While no one was arrested nor should they have been for attempting to hold a peaceful nonviolent protest action the police were heavy handed in confiscating the banners. They made no friends by showing that they were happy to be the unpaid servants of the looters and polluters of our land and the greasy politicians who seem to be continually found to be guilty of corruption charges within the ICAC court and more often than not for corruption involving mining leases and practises. While people at the camp were a little disappointed they were by no means dispirited and planned further actions later in the week and got busy producing more banners.

Jo and I were a little disappointed at not being able to participate in a good protest as we had to return to Sydney on Tuesday for business reasons but the experience was wonderful. We met lots of lovely people who were passionate about protecting this country from the barbarians we call a government and we made more new friends whom I’m sure we’ll see in the near future.

The only sad thing that Jo and I heard came from one of the local farmers. He said “I fought for this country in the Second World War. I never thought I would have to fight to save it from our own government.” Neither did we mate!

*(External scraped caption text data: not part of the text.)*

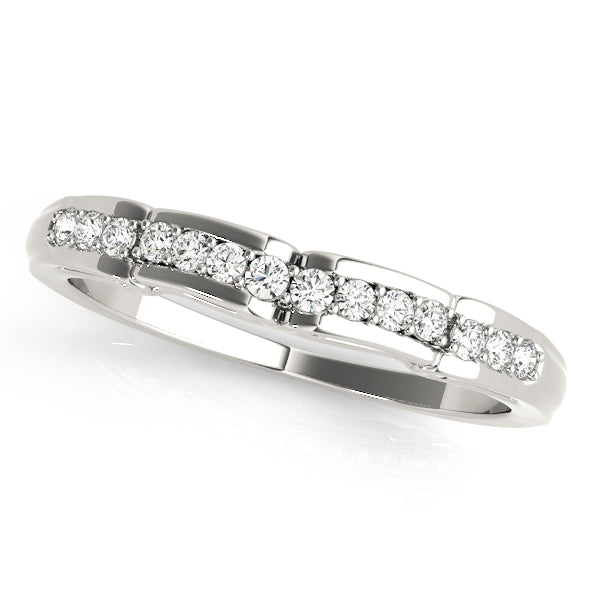 Curved Bands Half Eternity Ring in Gold & Platinum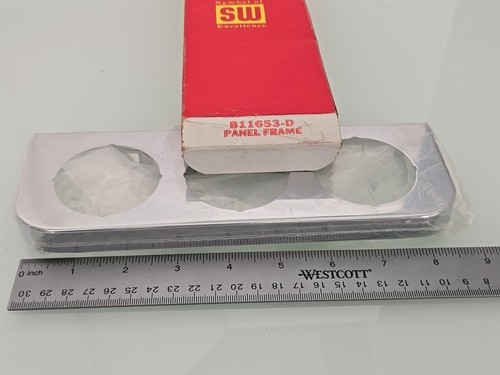 NOS Symbol Of Excellence Stewart Warner Model: 811653D Gauge Panel Frame Chrome - Foto 4 di 10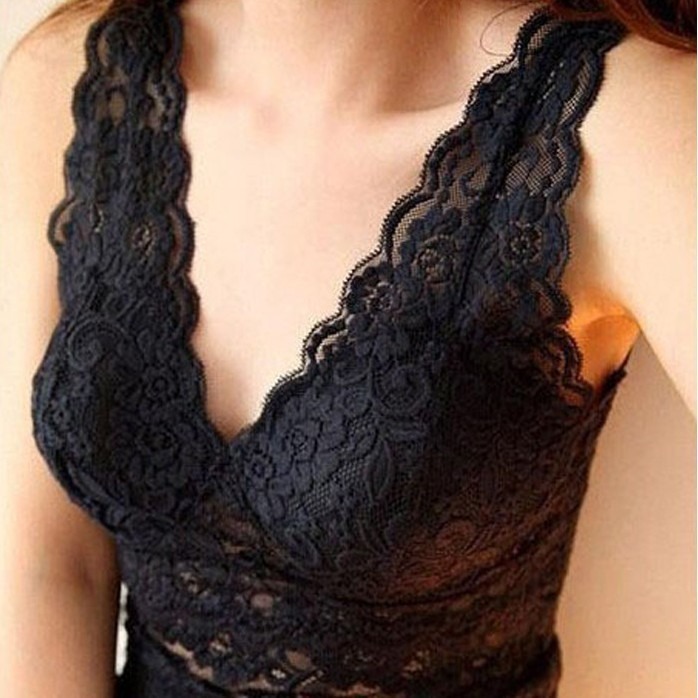 台灣現貨 爆款性感蕾絲背心帶胸墊 打底衣 防走光 內搭外穿 無鋼圈內衣-細節圖3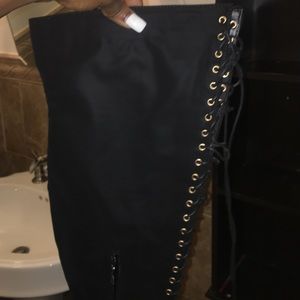Thigh high boots.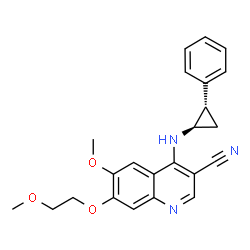 ChemSpider 2D Image | 6-Methoxy-7-(2-methoxyethoxy)-4-{[(1R,2S)-2-phenylcyclopropyl]amino}-3-quinolinecarbonitrile | C23H23N3O3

If you wish to learn more about camp Wando, meet wonderful people of all ages from all walks of life who are concerned about Global Warming and wish to participate in non-violent peaceful protest actions to persuade our government to take action then check out the following links.

Postscript . When we returned home we found out that a protest action had been carried out by one of our new friends John Ross, a businessman from the north coast who locked himself onto a gate stopping a few coal trucks before police came and removed him. See below. Great work John.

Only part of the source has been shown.